WHAT TO WORK ON: Retype the listing below line for line, but only from the line with "19XFC2F70JE007329 2018 HONDA CIVIC - Image 2" down to the line with "Surf & Swim", inclusive. Pictures stay out.

SUPPLIED MATERIAL:
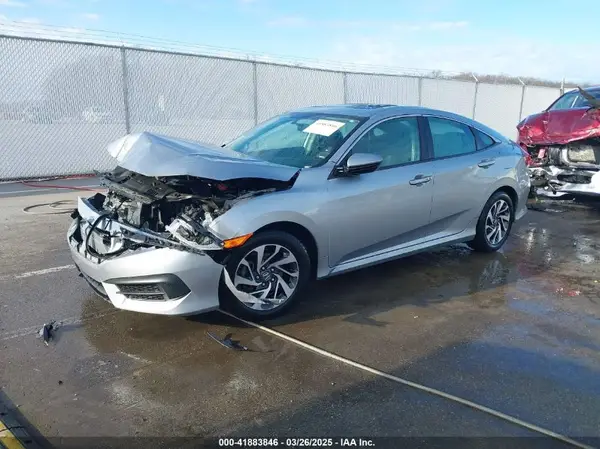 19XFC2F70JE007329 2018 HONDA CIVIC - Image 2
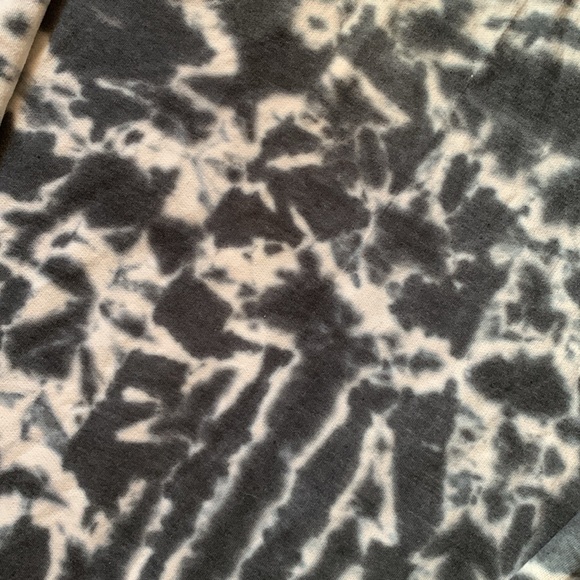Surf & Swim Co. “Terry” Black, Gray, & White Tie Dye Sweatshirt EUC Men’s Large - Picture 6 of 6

* * *

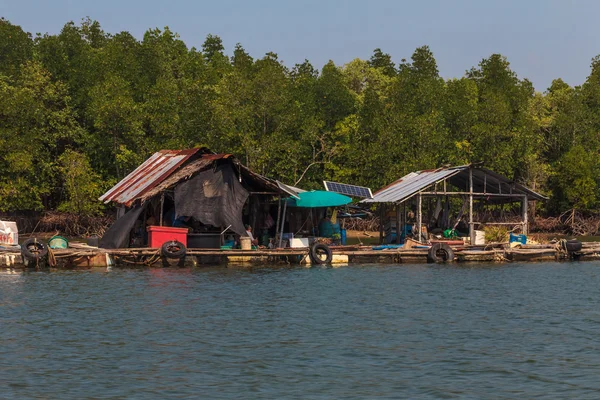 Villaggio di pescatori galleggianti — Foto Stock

==

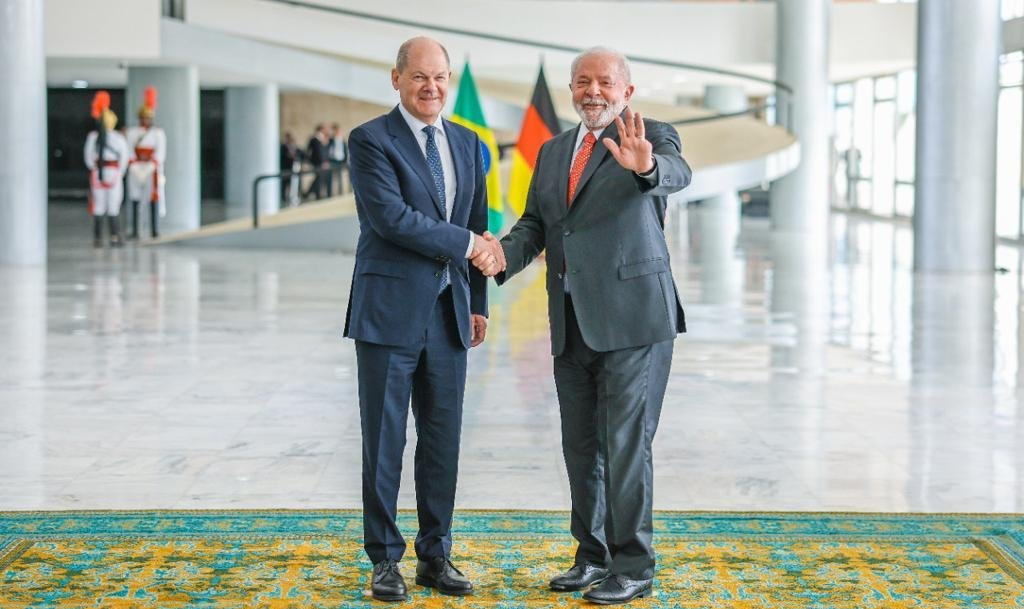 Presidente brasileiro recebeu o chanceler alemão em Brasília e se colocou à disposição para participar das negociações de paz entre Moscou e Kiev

EXERCISE RESULT:
 19XFC2F70JE007329 2018 HONDA CIVIC - Image 2
Surf & Swim Co. “Terry” Black, Gray, & White Tie Dye Sweatshirt EUC Men’s Large - Picture 6 of 6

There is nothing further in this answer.